Agnieszka Holland’s three-part HBO Europe miniseries is a picture of events in Czechoslovakia following a dramatic act of protest in 1969
Agnieszka Holland’s superb three-part TV miniseries about the fight for liberty in a time of repression begins with the 21-year-old Czech student Jan Palach’s act of protest. Out of nowhere on a damp, chilly day in January 1969 he sets fire to himself using a bucket of gasoline in Prague’s Wenceslas Square (and subsequently dies) as a protest agains months of Soviet occupation of the country. Palach leaves a statement explaining he was one of a group who subsequently would continue these actions if nothing were done. Holland’s beautifully staged and photographed episodes show in detail what came next, a web of people and events all fanning out from this simple shocking one.
The authorities immediately mount a frantic effort to tamp down any further protest and find out who the others in Palach’s group are. Their belief ostensibly is that rebellion will bring on further Soviet repression: the purpose of Palach’s action nonetheless does come out. A police officer is put in charge of an investigation, Major Jire. He is played by Ivan Trojan, who recently also played the good cop fighting a corrupt system in David Ondrícek’s In the Shado (2012; SFJFF 2013), set in 1953, when the Soviets are using ex-Nazis to stage anti-Semitic show trials.
Later a Czech party hack and regional parliament member, Vilém Nový (Martin Huba), is manipulated by the Soviets to give a speech undermining Jan Palach’s protest, saying he was really a fascist nut who meant to fake his self-immolation but had it backfire. When news of this is published Jan’s mother Libuse (Jaroslava Pokorná) and brother Jiri (Petr Stach) call on beautiful young attorney Dagmar Buresova (Tatiana Pauhofova) to take on the party hack in a libel case, which becomes the focus of the action. This is cleverly intertwined with scenes involving members of Jan’s dissident group. Major Jiri finds the student who was closest to being Jan’s girlfriend, Hana Cízková (Emma Smetana), and when when she is devastated after Jan’s death coerces her into reading a fabricated statement in which Jan supposedly asks his allies to refrain from further self-immolation.
It gets more complicated and inbred, but in ways that seem thoroughly logical while you’re watching, and momentum comes from the energetic legal procedural story. Dagmar’s legal office-mate Vladimir Charouz (Adrian Jastraban) has a daughter, Vladka (Jenovéfa Boková) who’s one of the dissidents, and who’s found out by secret police Major Docekal (Igor Bares). Nový’s lawyer controls the judge in the libel case, who’s told what the outcome must be (Ivana Uhlirova). Within this context the young dissidents still strive and so does Dagmar, the beautiful attorney, who does everything to win the libel case. The Margaret Rutherford-like Jaroslava Pokorná as Jan’s mother becomes a surprisingly strong figure, an old peasant-y lady who continually grows more her son’s stubborn and explosive advocate.
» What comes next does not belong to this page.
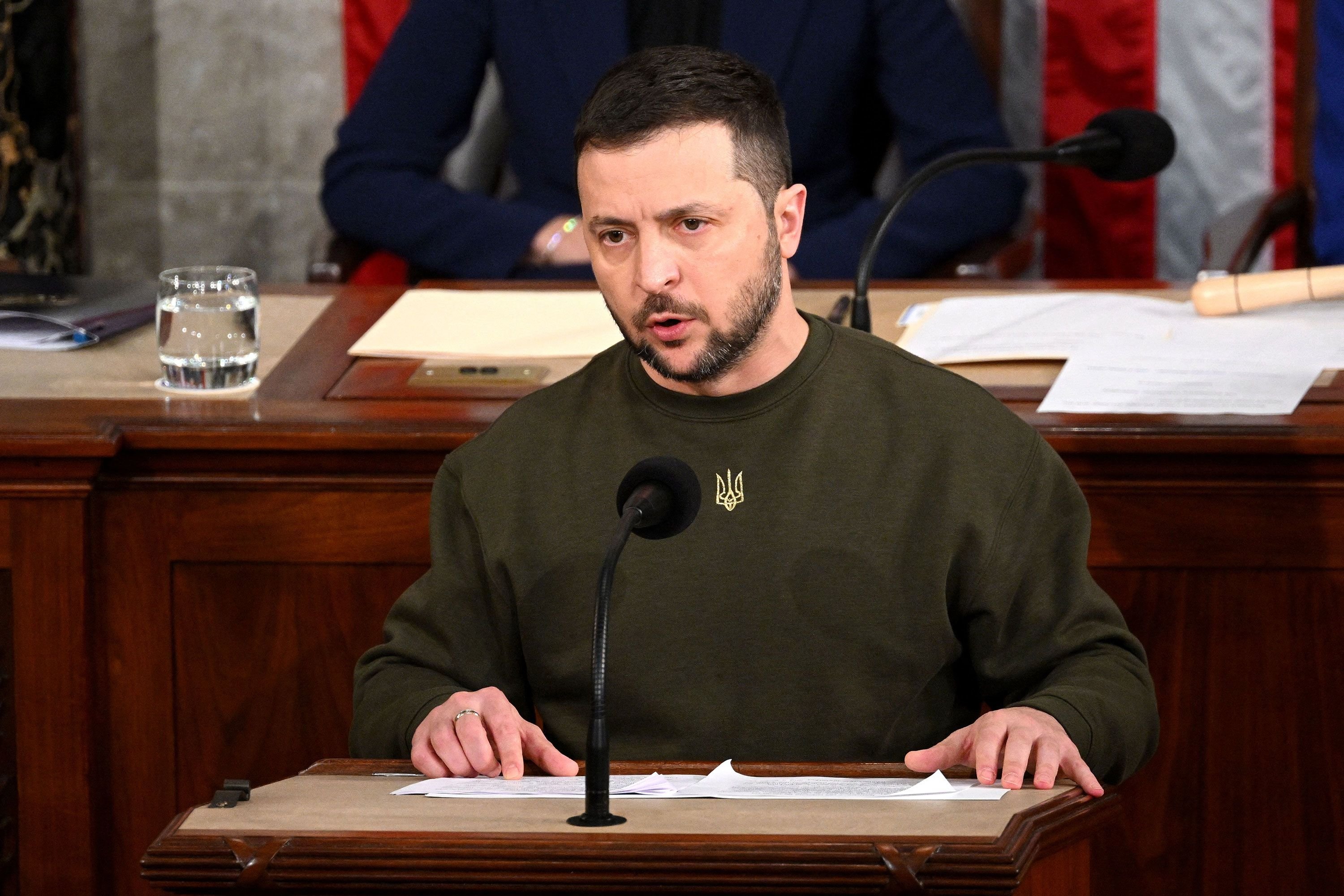 Zelenski müttəfiq ölkələri Ukraynaya dəstəklə əlaqədar qərarlarda tələsməyə səsləyib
Nonetheless the forces of repression are relentless and Dagmar’s doctor husband Radim (Jan Budar), as well as Libuse and Jiri, are battered and browbeaten by the authorities. Even Jan Palach’s grave is dug up and his coffin cremated and the ashes disappeared on the grounds that vistis to his grave caused disorder. Dagmar Buresova loses the case, which takes up much of the second and third episodes, but twenty years later Jan Palach is celebrated by protesters just before the fall of the Soviet Union, and the charismatic Dagmar became the first Czech minister of jutice in the post-communist era, closing titles tell us.
First time script writer Stepan Hulik maintains momentum, interweaves multiple characters and story lines, keeps the focus constantly on both repression and idealism, and yet avoids any easy or obvious climaxes or simplistic demonizing. There are always interesting people on screen. Dagmar’s office assistant and investigative ally Ondrej Trávnícek, really one of the dissenters too, is played by the very handsome Vojtech Kotek. It looks as if Dagmar and Ondrej will be the hot young couple of the piece for a while, even though Dagmar is married and has two children. One remembers Holland’s vivid use of young actors in earlier works like Europa Europa;Olivier, Olivier, and Total Eclipse.
Whatever happens though, the unifying thread is the balance of fear and repression against the will to resist. Seamless costume and period design and great photography by Martin Strba and Rafal Paradowski combine with uniformly good acting to provide a very classy mini-series (Holland has worked on “The Wire” and “Trame”).
Burning Bush/Horící ker, in Czech was made for HBO Europe, debuted at Karlovy Vary and Roterdam, was also shown at Toronto, and was screened for this review as part of the New York Film Festival at Lincoln Center, Sept 2013. It is the Czech Republic’s entry for the Best Foreign Oscar.